Task statement: Your answer must be the full listing below, restated word for word, with no pictures in it.

Recorded information:
◆ ◆ ◆ ◆ ◆ ◆ ◆
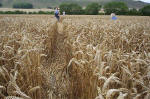 East Field, Wiltshire crop circle, aerial photo 34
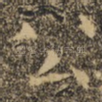 公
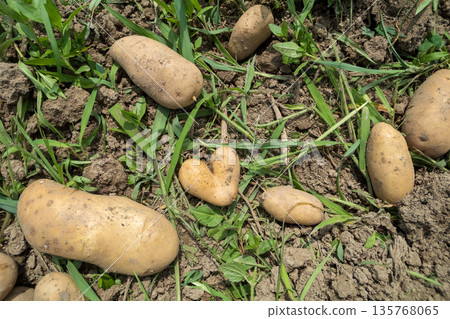 Heart-shaped potatoes 135768065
◆ ◆ ◆ ◆ ◆ ◆ ◆
Written answer:
 East Field, Wiltshire crop circle, aerial photo 34
 公
 Heart-shaped potatoes 135768065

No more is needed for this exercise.